**What you should do:** Word for word, set down the lines from the one that contains "Seeded Paper Housewarming" through the final line of the data; no pictures belong in the copy.

**Stored data:**
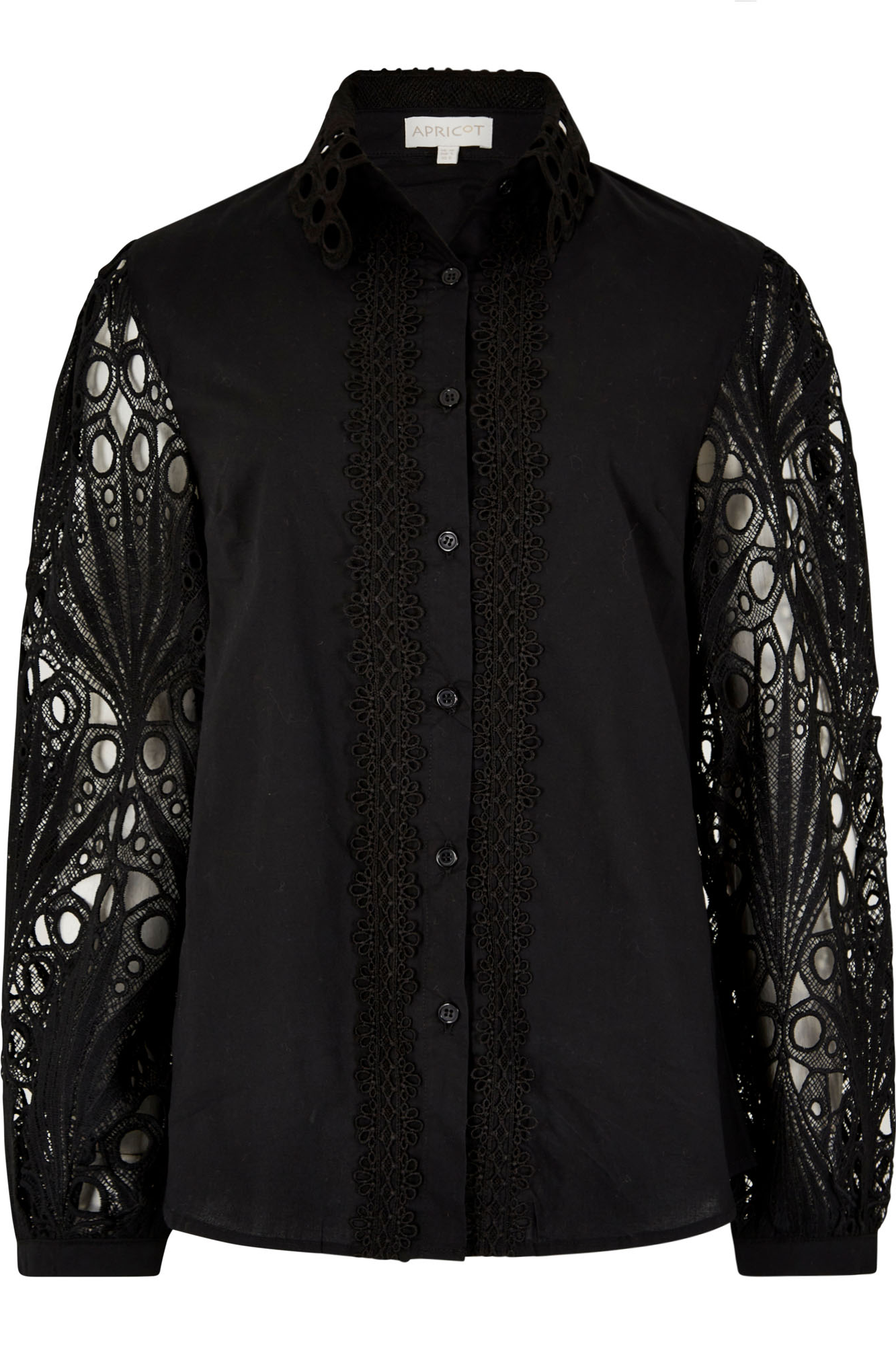Lace Arm & Collar Poplin Shirt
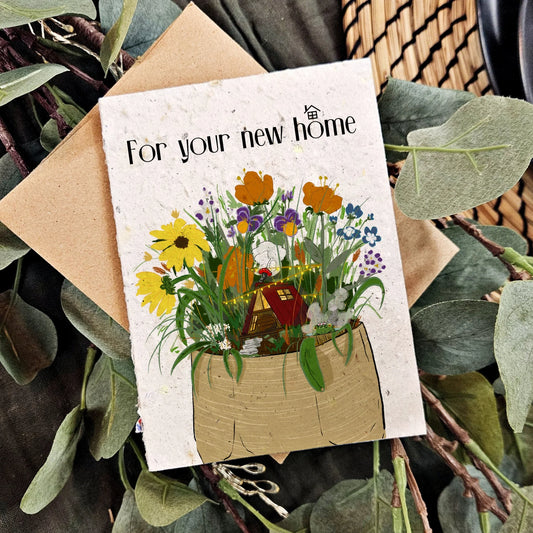 Seeded Paper Housewarming Card - For Your New Home
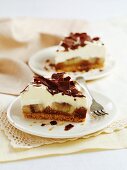 Two slices of banoffee pie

**Output:**
 Seeded Paper Housewarming Card - For Your New Home
 Two slices of banoffee pie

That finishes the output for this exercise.